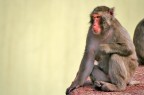 Macaco del Giappone
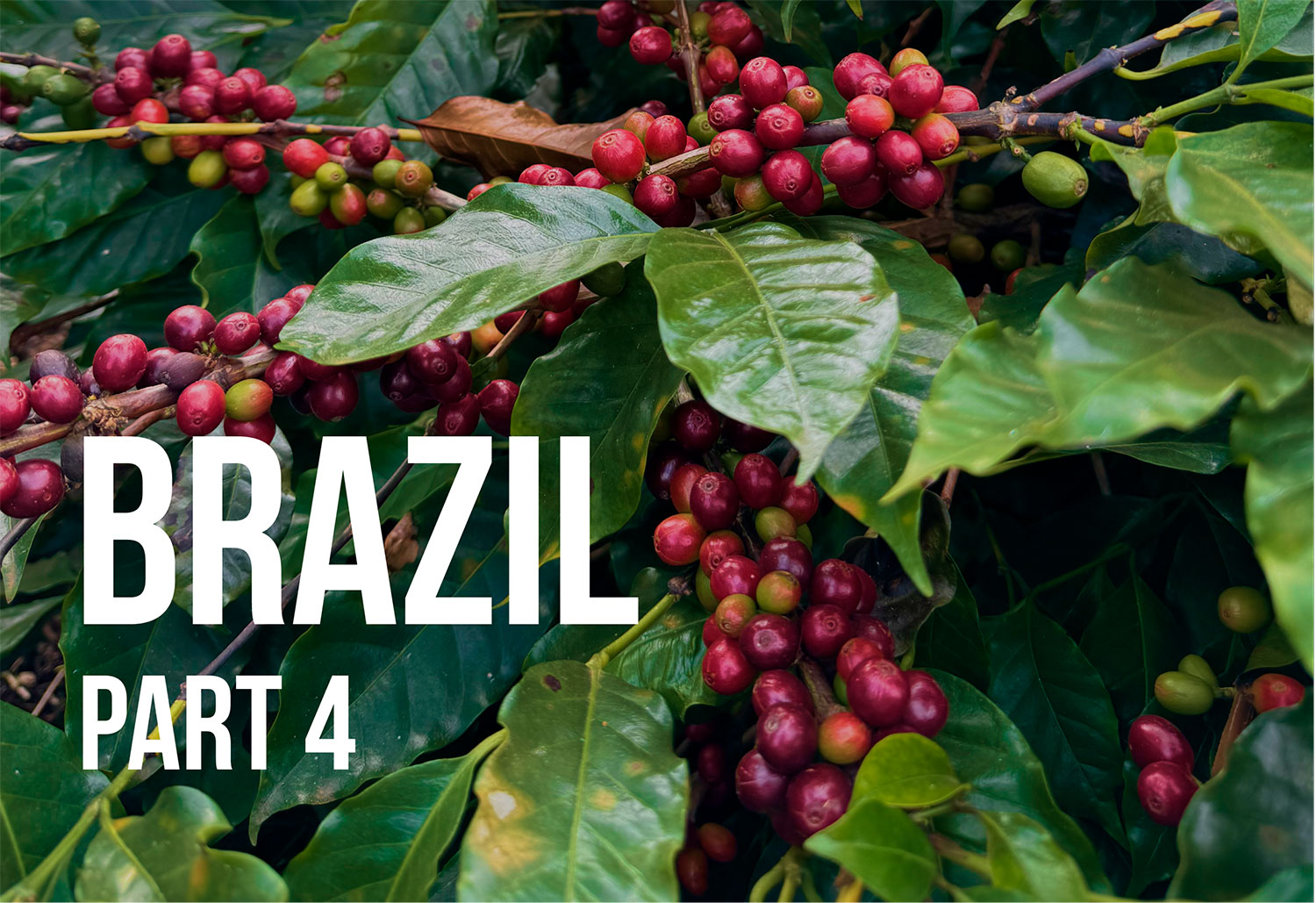 Inside CarmoCoffees: How Green Coffee Is Sorted and Packed in Brazil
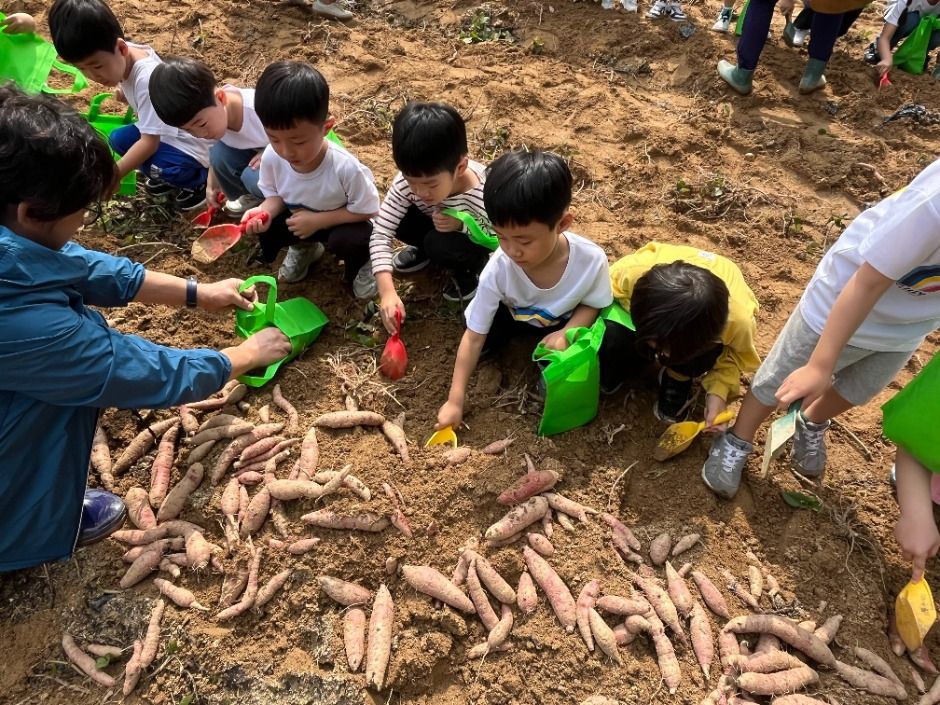 Cheongwon Organic Life Festival — official photograph 2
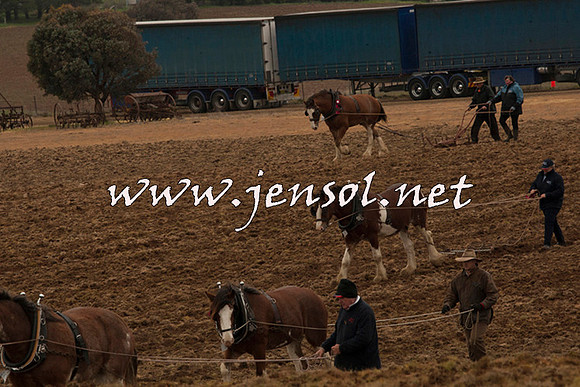 WooBack_0698
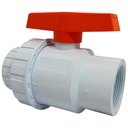 VALVULA 2 1/2" DE PVC CON ROSCA TUBRICA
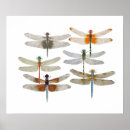 Suche nach spezies poster Schmetterling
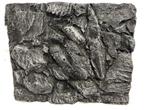 3D aquarium achterwand Os-41-1 Maat: 62x50x5,5cm (decoratie), Verzenden, Nieuw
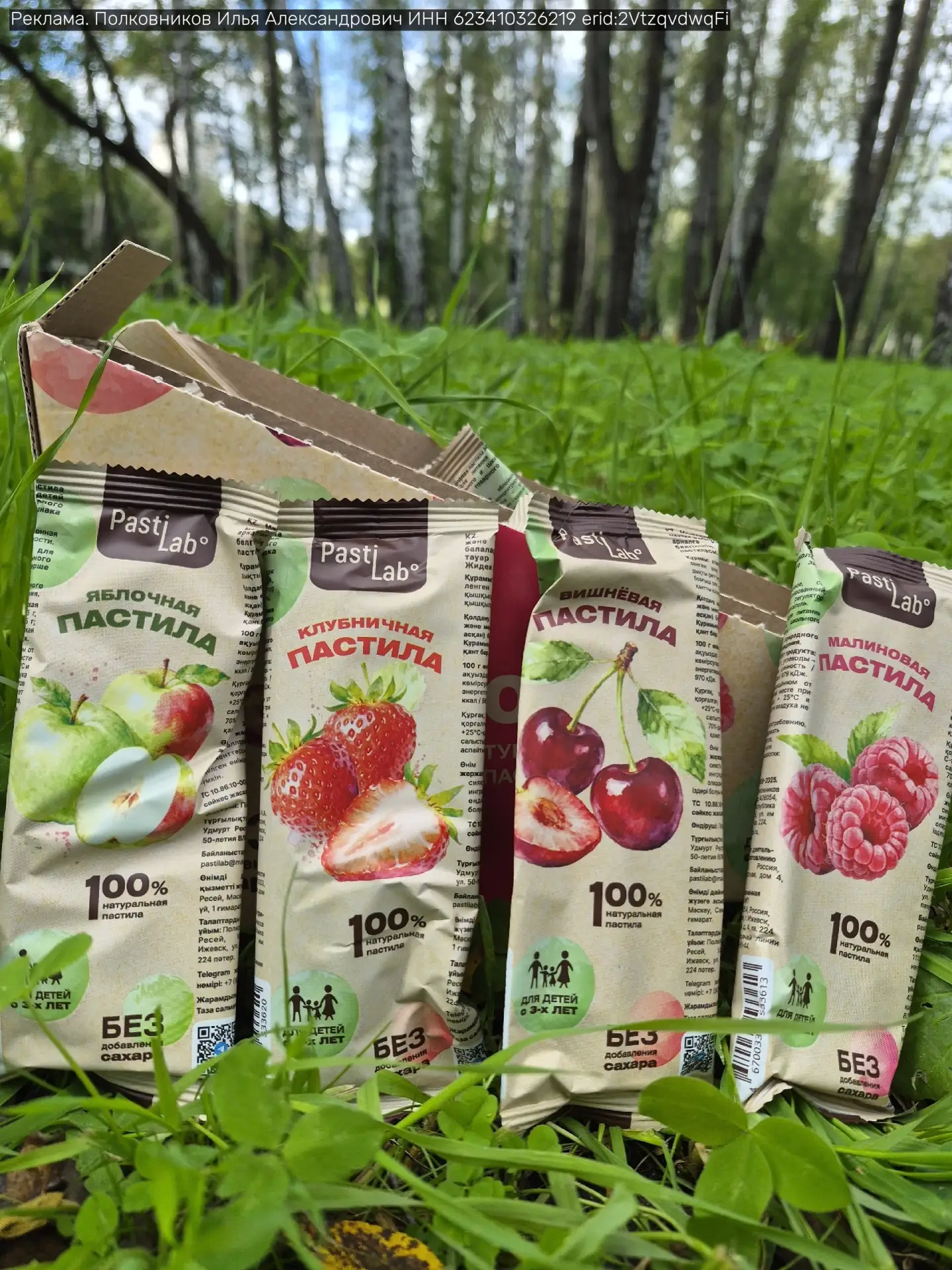 Тонкая фруктовая пастила PastiLab 🍓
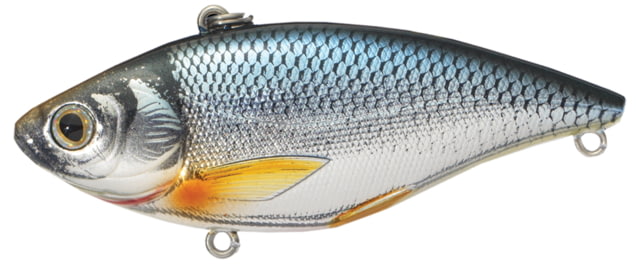 Live Target Livetarget Golden Shiner Lipless Rattlebait Sinking Silver/Blue 2 7/8in 1/2oz #6 Hook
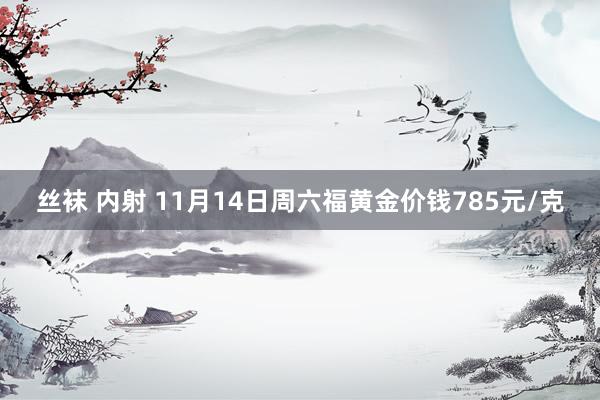 丝袜 内射 11月14日周六福黄金价钱785元/克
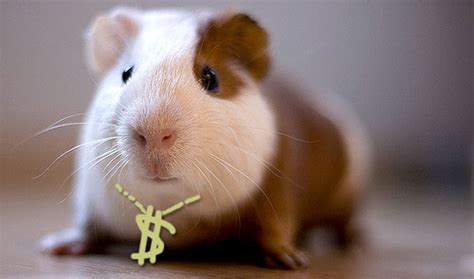 Guinea pigs are cute, gentle creatures who make wonderful pets. Side Hustle Series: I'm a Human Guinea Pig | Budgets Are Sexy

────────────────────────────────────────

:: WHAT THE EXERCISE ASKS ::
Return the material line for line, from its beginning to the line that contains "Suche nach spezies poster Schmetterling", with the pictures left out.

:: SOLUTION TO THIS PROBLEM ::
 Macaco del Giappone
 Inside CarmoCoffees: How Green Coffee Is Sorted and Packed in Brazil
 Cheongwon Organic Life Festival — official photograph 2
 WooBack_0698
 VALVULA 2 1/2" DE PVC CON ROSCA TUBRICA
 Suche nach spezies poster Schmetterling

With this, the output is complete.